STUDY MATERIAL:
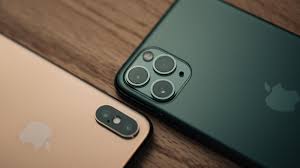 These buttons act as the camera shutter buttons. Apple Iphone 11 Pro Vs Iphone Xs Camera And Night Mode Comparison Cnet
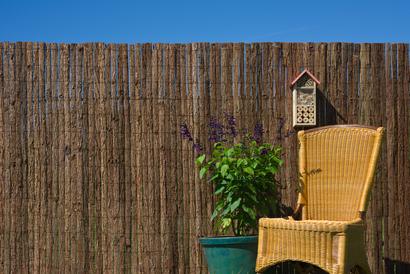 Canisse en écorce naturelle de pin - simple face, fil galva gainé PVC marron - occultant 4/5 - 1 x 3 m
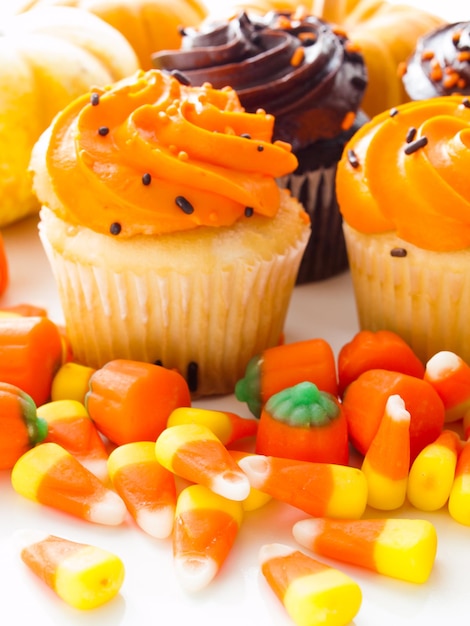 Halloween oranje en zwarte cupcakes op witte achtergrond.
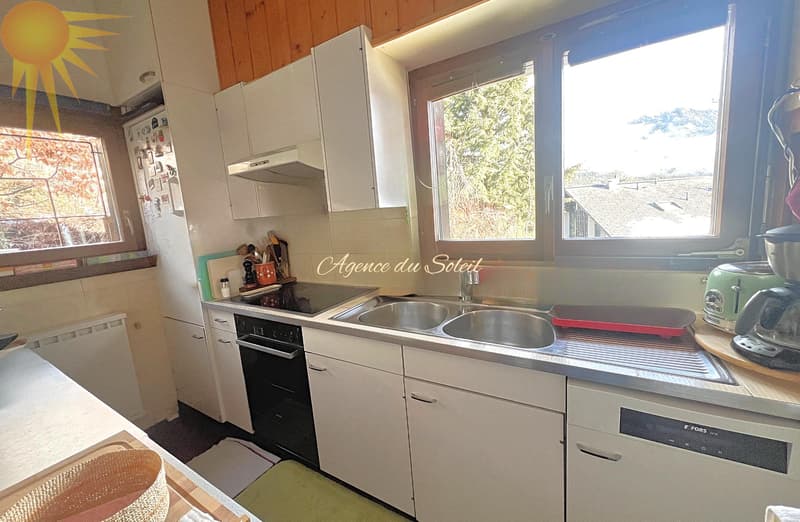 Superbe maison de 2 appartements séparés, à 5 minutes en voiture de Crans-Montana (7)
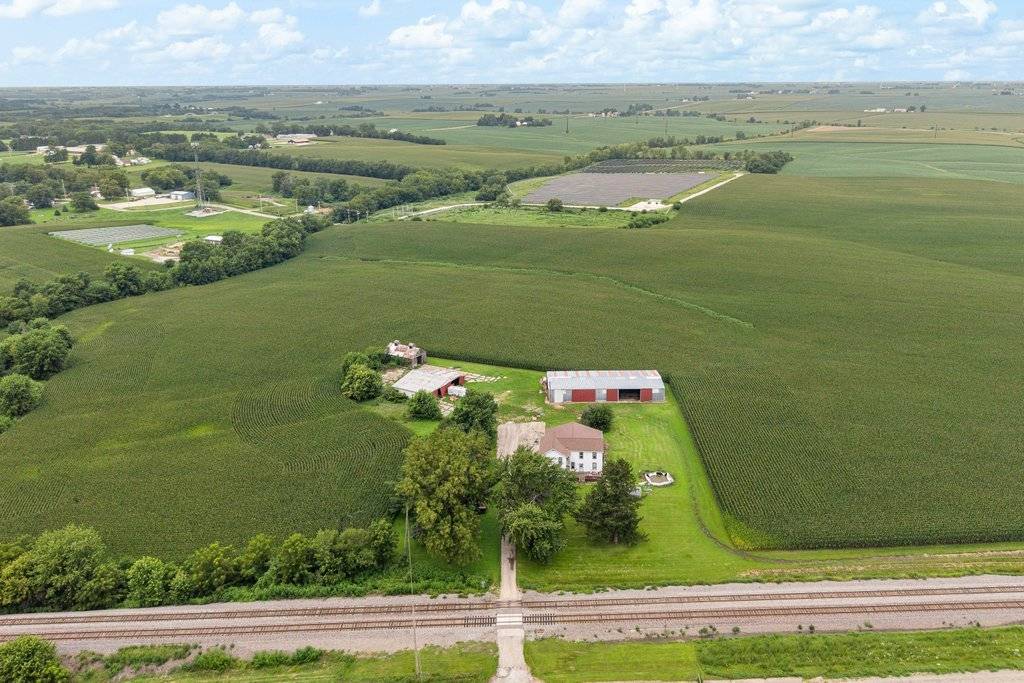 21084 Trolly RD, Galva, IL 61434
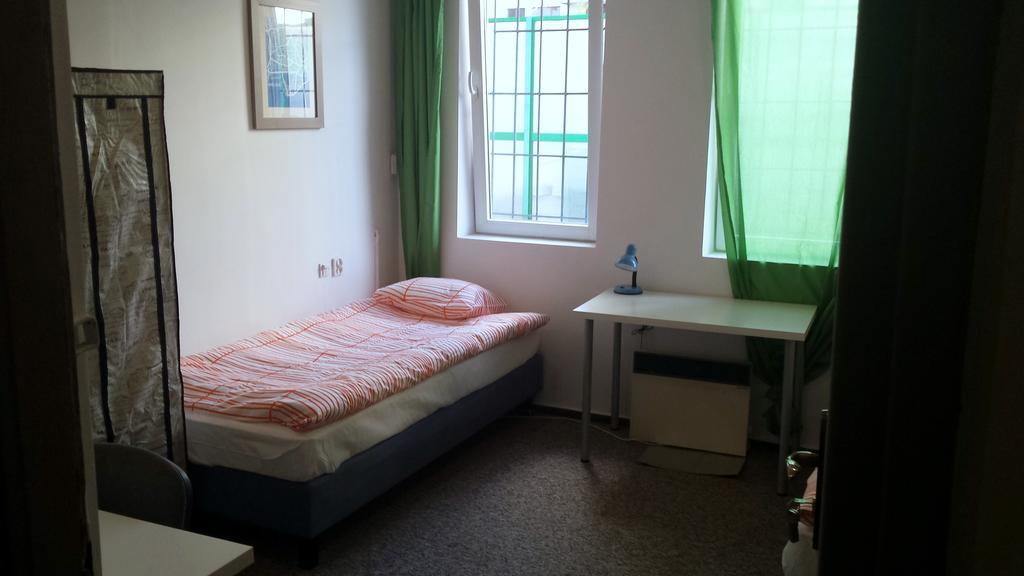 Hostel Erasmus House Warschau Zimmer foto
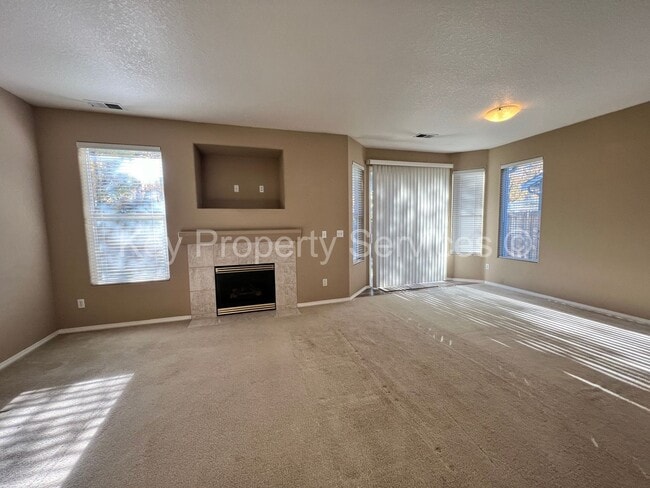 Building Photo - Westridge Ranch Across from Park!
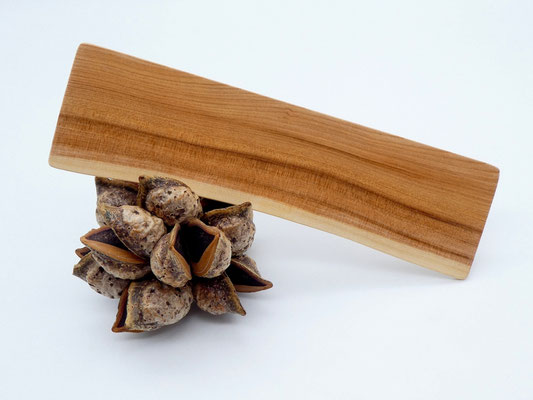 Lesezeichen aus Holz - echtes Wacholderholz
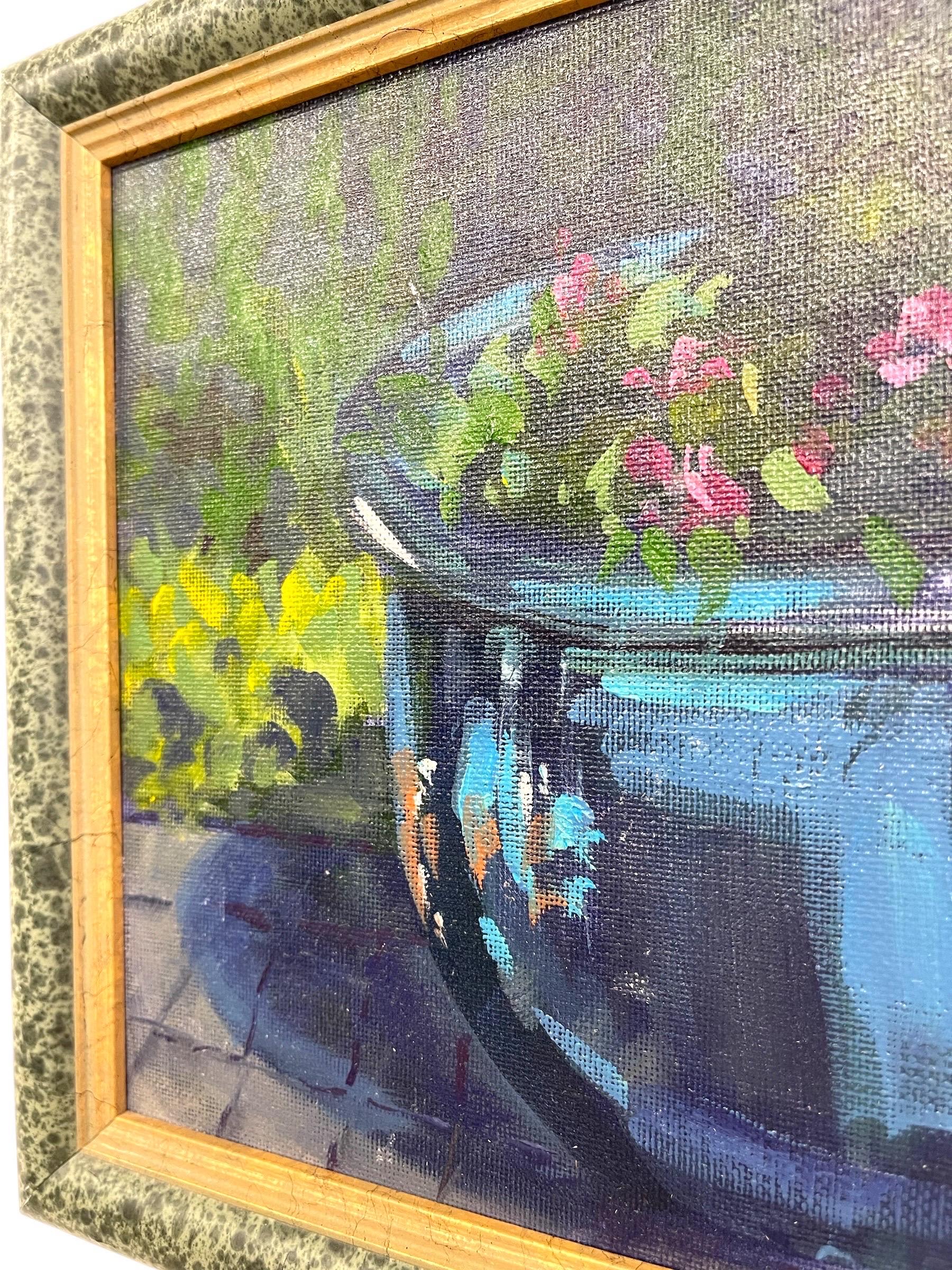 Ein Stillleben Ölgemälde auf Leinwand Panel von Künstler R. Glidden, die eine große blaue Keramik Pflanzgefäß mit lebendigen Blumen und Grün gefüllt dargestellt. Die Komposition hebt die spiegelnde Glasur des Topfes hervor, die mit warmen Akzenten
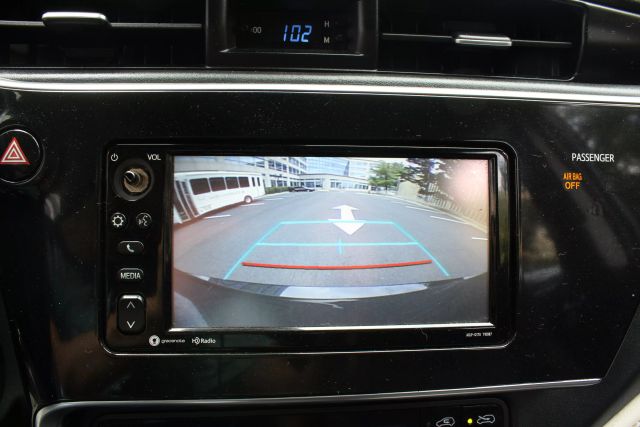 Vehicle image 41 of 43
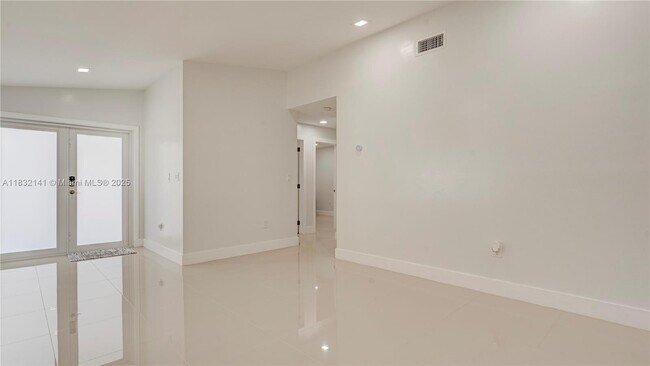 Foto del edificio - 9102 NW 112th St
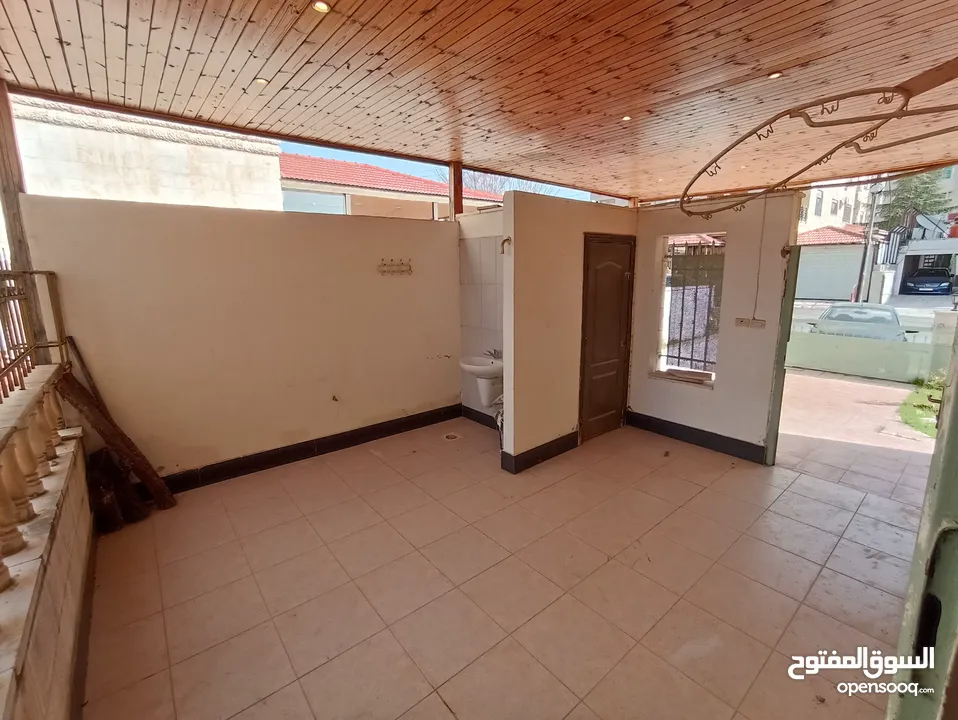 شقة غير مفروشة للإيجار 200م2 ( Property 18990 )-175072800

YOUR GOAL: Copy out the lines above in full and unaltered, apart from the pictures.

RESULT FOR THIS EXERCISE:
 These buttons act as the camera shutter buttons. Apple Iphone 11 Pro Vs Iphone Xs Camera And Night Mode Comparison Cnet
 Canisse en écorce naturelle de pin - simple face, fil galva gainé PVC marron - occultant 4/5 - 1 x 3 m
 Halloween oranje en zwarte cupcakes op witte achtergrond.
 Superbe maison de 2 appartements séparés, à 5 minutes en voiture de Crans-Montana (7)
 21084 Trolly RD, Galva, IL 61434
 Hostel Erasmus House Warschau Zimmer foto
 Building Photo - Westridge Ranch Across from Park!
 Lesezeichen aus Holz - echtes Wacholderholz
 Ein Stillleben Ölgemälde auf Leinwand Panel von Künstler R. Glidden, die eine große blaue Keramik Pflanzgefäß mit lebendigen Blumen und Grün gefüllt dargestellt. Die Komposition hebt die spiegelnde Glasur des Topfes hervor, die mit warmen Akzenten
 Vehicle image 41 of 43
 Foto del edificio - 9102 NW 112th St
 شقة غير مفروشة للإيجار 200م2 ( Property 18990 )-175072800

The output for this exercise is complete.